Data records:
------------------------------------------------------------------------

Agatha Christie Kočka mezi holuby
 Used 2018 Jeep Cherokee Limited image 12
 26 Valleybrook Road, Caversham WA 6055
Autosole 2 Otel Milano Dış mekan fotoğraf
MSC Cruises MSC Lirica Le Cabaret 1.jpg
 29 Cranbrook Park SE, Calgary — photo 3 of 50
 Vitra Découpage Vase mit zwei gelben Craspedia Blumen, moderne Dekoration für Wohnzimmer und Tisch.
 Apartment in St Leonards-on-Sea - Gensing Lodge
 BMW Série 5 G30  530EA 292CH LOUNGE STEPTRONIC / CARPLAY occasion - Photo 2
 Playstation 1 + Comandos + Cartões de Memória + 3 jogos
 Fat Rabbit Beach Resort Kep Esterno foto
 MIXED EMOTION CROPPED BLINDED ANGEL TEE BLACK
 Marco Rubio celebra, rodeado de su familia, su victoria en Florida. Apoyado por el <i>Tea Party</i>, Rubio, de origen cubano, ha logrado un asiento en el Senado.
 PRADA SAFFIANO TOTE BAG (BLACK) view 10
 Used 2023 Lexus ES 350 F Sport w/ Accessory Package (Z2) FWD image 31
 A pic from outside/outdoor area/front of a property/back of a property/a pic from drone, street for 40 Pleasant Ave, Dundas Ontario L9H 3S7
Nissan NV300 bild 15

------------------------------------------------------------------------

Exercise description:
Count the lines above that contain the word "image". Write only the number.

Response box:
2